The Nairobi Stock Exchange started electronic trading four years ago. The USE still faces usual challenges of African securities markets, including: low levels of domestic savings (reportedly 15% in Uganda); low awareness; thin supply of new equities; an underdeveloped pension sector which has not been liberalized; underdeveloped life insurance sector; and the current global financial crisis.
However, the regional integration project seems to be gaining momentum, including a customs union protocol. The Monitor newspaper (www.monitor.co.ug) reports that the East African Community Secretariat (www.eac.int) is holding consultations in the five partner states from 7-25 September on an East African Monetary Union (EAMU). They consultations target stakeholders such as: ministries of finance, EAC, trade, planning, etc; central banks, regulators; bureaus of statistics; bankers associations; academia; parliamentarians; the private sector and civil society. It is supported by the European Central Bank (www.ecb.int).

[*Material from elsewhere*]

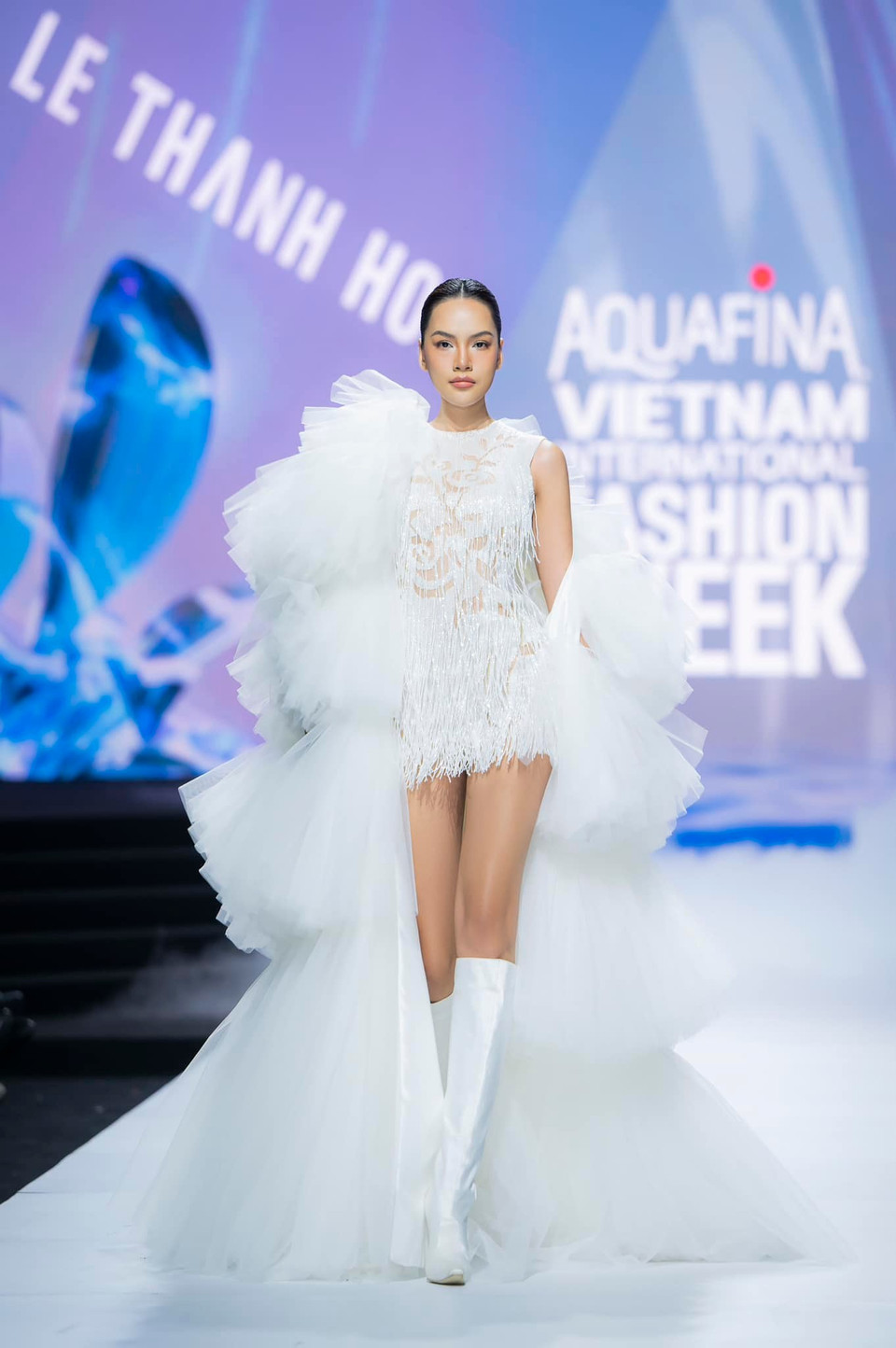  Hướng đến giá trị thời trang bền vững, Lê Thanh Hòa khéo léo lồng ghép trong bộ sưu tập hai chiếc áo choàng ngoại cỡ làm hoàn toàn từ sợi cọ tự nhiên Raffia thân thiện môi trường. (Ảnh: PV/Vietnam+)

According to reports, the launching date for the political federation is set at 1 January 2010. After the customs union, the EAC will progress to a common market and harmonizing labour policies and legislation.
August 22nd, 2009 by Tom Minney
Tanzania seems to be warming to the idea of linking the East African stock exchanges, in what could eventually be the development of a major regional market.
According to local media reports, Acting CEO of the Dar es Salaam Stock Exchange Mary Mniwasa said it is ready to join a software called Smart Order Router which links the securities exchanges of the East African Community member states. She is reported to have said the system will allow a stockbroker from the DSE, the Nairobi Stock Exchange and the Uganda Securities Exchange to see the markets and trade across borders without physically contacting a local market stockbroker.
The report quotes Simon Rutega, CEO of the USE, as saying Uganda fully supports the proposed integration of stock markets in east Africa. They have started using Central Depository Securities for holding securities and assisting in settlement.
The DSE and USE have long been dogged by lack of liquidity and outside investor interest. The newspaper cites a study by Codogan Financial & Associates, funded by the Efficient Securities Markets Institutional Development Initiative of the International Finance Corporation, part of the World Bank group. According to this, there are simply too few institutions and individuals who wish to invest in East Africa. The objective of the EAC stockmarkets integration is to enable consolidated EAC capital to flow and participants to operate freely across borders
The integration is being guided by an East African Securities Exchange Association, comprising the chief executives of the four exchanges – Dar, Nairobi, Uganda and Rwanda’s recently formed Over-The-Counter market. The original timetable was set in 2008 when the association resolved that a single clearing and settlement infrastructure was to be implemented within 3-6 months after January 2009. Senior members of the NSE are doubtful on progress.
One of the initiatives of the association is to integrate trading, clearing and settlement infrastructures within the EAC to facilitate a faster trading system within the bloc.
Tanzania has previously barred non-citizens from participating in initial public offers, such as when a 21% stake in the National Microfinance Bank was floated last year. In March 2008, it blocked its citizens from participating in the Safaricom IPO in Kenya.